The board heard from financial and legal consultants on a potential bond during a Wednesday night workshop meeting.
No action was taken by the board and the bond likely won't be discussed further until September.
However, it's important the board begin not only considering legal requirements and schedules but also understand what can be done to best ensure a bond's approval, consultants said.
District officials have discussed a bond between $85 million and $95 million in preliminary proposals. It would be used to pay for five projects -- construction of two new elementary schools and a new middle school and renovation of Westgate Elementary School and Desert Hills Middle School, said Superintendent Dave Bond.
Timing will play a big role in determining whether a bond will be approved by voters and how much it will cost taxpayers each year, said Jon Gores, managing director for financial management firm D.A. Davidson & Co.
Of the four possible election dates available in Washington during the year, election data show bonds that appear on February ballots are the most likely to be approved by voters, Gores said. However, they still face adversity. Only 40 percent of proposed bonds across the state have been approved since 2013 and only one out of 12 was approved in the recent April special elections
Interest rates for bonds spiked in the past year but are in a slight decline to just above 4 percent, thanks to international politics, Gores said.
"(Vladimir) Putin has done more to lower interest rates than (Federal Reserve Chairwoman) Janet Yellen," he said.
How much a voter-approved bond would cost taxpayers depends on its value, but at $90 million -- halfway between the low and high proposals -- it would cost a taxpayer with property assessed at $200,000 another $62 a year in property taxes, Gores said. That would be on top of the roughly $59 million in bond debt already being paid down by district residents and will cost that same property owner about $300 this year.
It's important the board make sure voters are properly informed about how much the bond is for and how much it will cost, Gores said.
However, pointing out that the state will likely kick in millions of dollars if the bond is passed, that a portion of property taxes can be written off on federal taxes and some senior citizens may be exempt from paying the tax increase could help sway voters, Gores said.

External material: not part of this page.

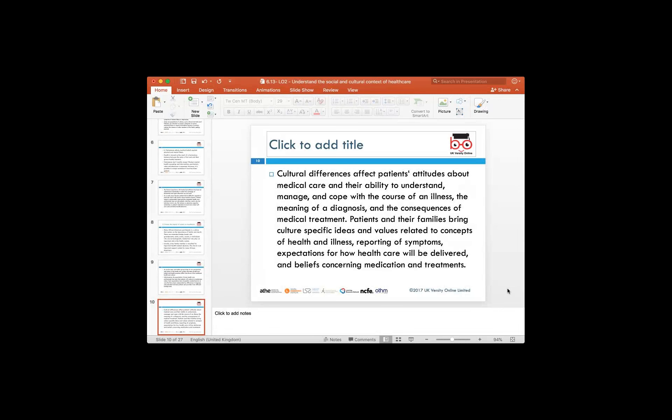Cultural differences can also affect patients' attitudes. We want to understand how a person's attitude affects their ability to be administered health and social care — for example, if you are in need of medical supervision, how does your attitude affect the treatment you receive? We are essentially talking about the ability to understand, manage, and cope with the illness you've been diagnosed with, and the subsequent medical treatment the patient receives.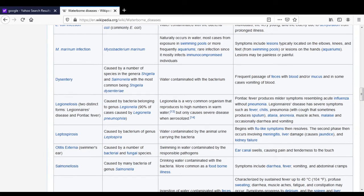The next disease is Legionellosis, caused by Legionella pneumophila. This is a common bacterium that reproduces to high numbers in warm water, with severe disease occurring when it is aerosolized. Mild symptoms include fever and acute influenza without pneumonia. Severe symptoms include fever, chills, pneumonia, ataxia, anorexia, malaise, and occasionally diarrhea and vomiting.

How the bond is described also is crucial, said Jim McNeill, a bond attorney with Foster Pepper. The board will want to succinctly and accurately describe the projects and where they'll be built, but use language that resonates with voters, he said.
"It's always tricky," McNeill said. "It's a fine line to walk."
A final decision on whether to pursue a bond and for how much will likely be needed by the end of November to safely assure an election in February, Bond said.